___ RECORDED INFORMATION

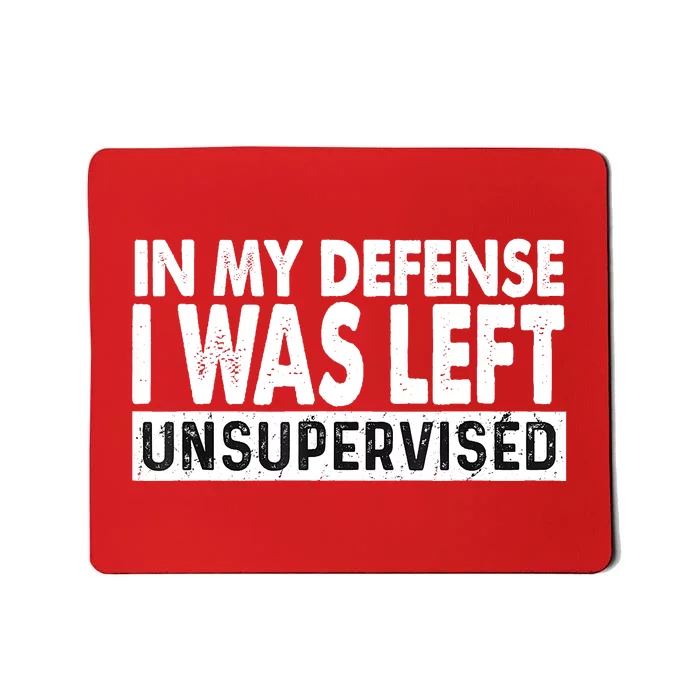 Cool Funny Tee In My Defense I Was Left Unsupervised Mousepad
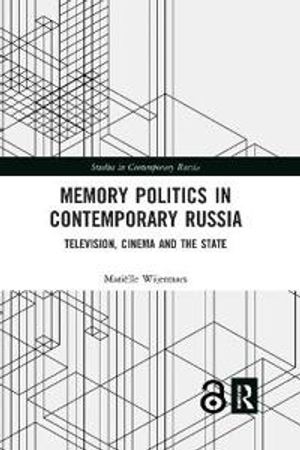 Memory Politics in Contemporary Russia | 1:a upplagan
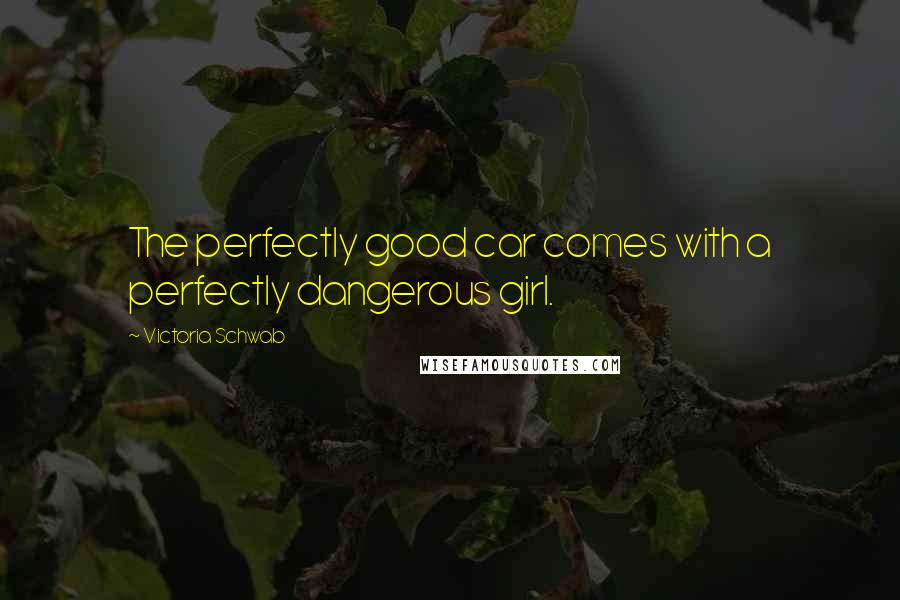 Victoria Schwab Quotes: The perfectly good car comes with a perfectly dangerous girl.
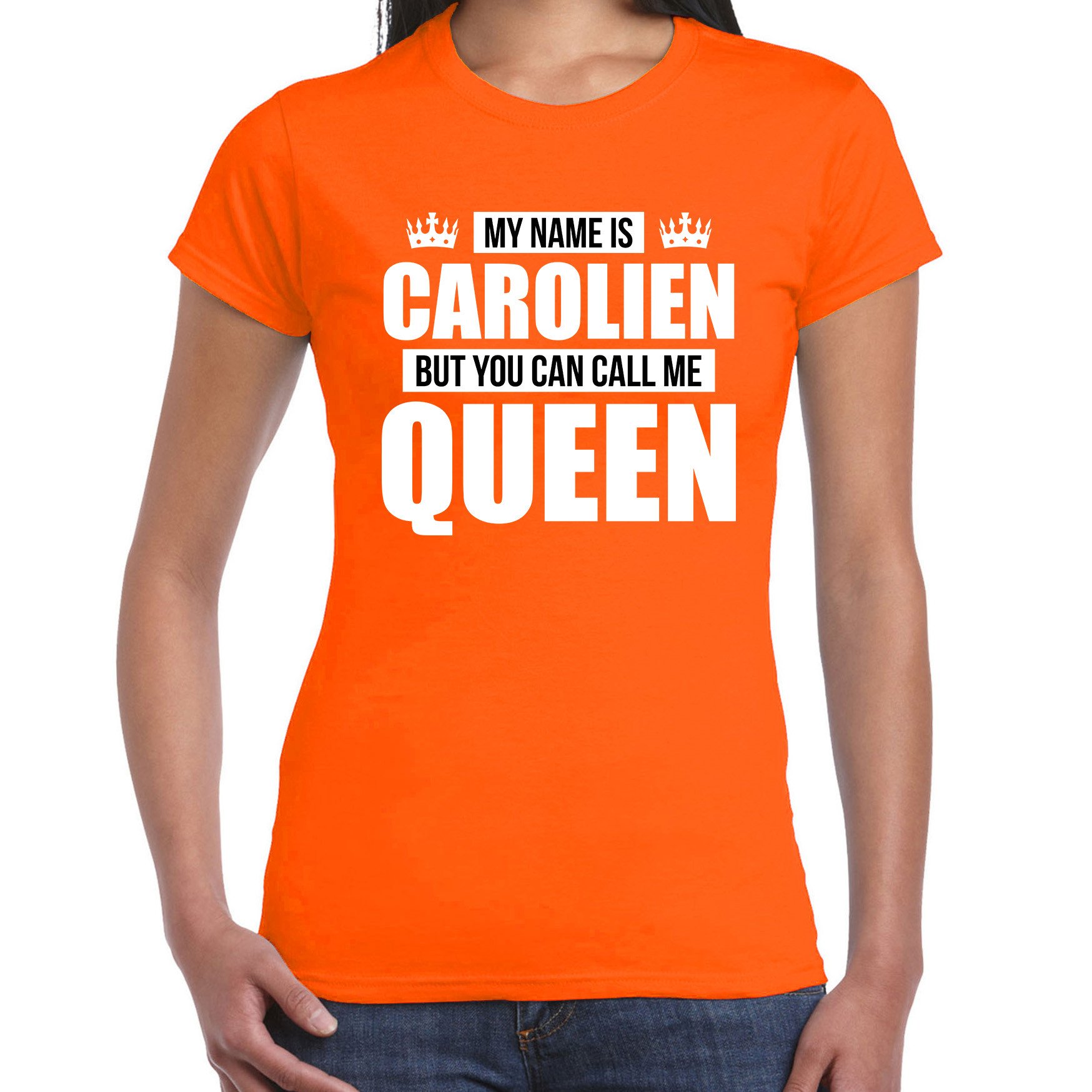 Naam cadeau t-shirt my name is Carolien - but you can call me Queen oranje voor dames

______

→ **WORK TASK**
Skipping all pictures, set the listing down exactly as written.

→ **REPLY TO THE TASK**
 Cool Funny Tee In My Defense I Was Left Unsupervised Mousepad
 Memory Politics in Contemporary Russia | 1:a upplagan
 Victoria Schwab Quotes: The perfectly good car comes with a perfectly dangerous girl.
 Naam cadeau t-shirt my name is Carolien - but you can call me Queen oranje voor dames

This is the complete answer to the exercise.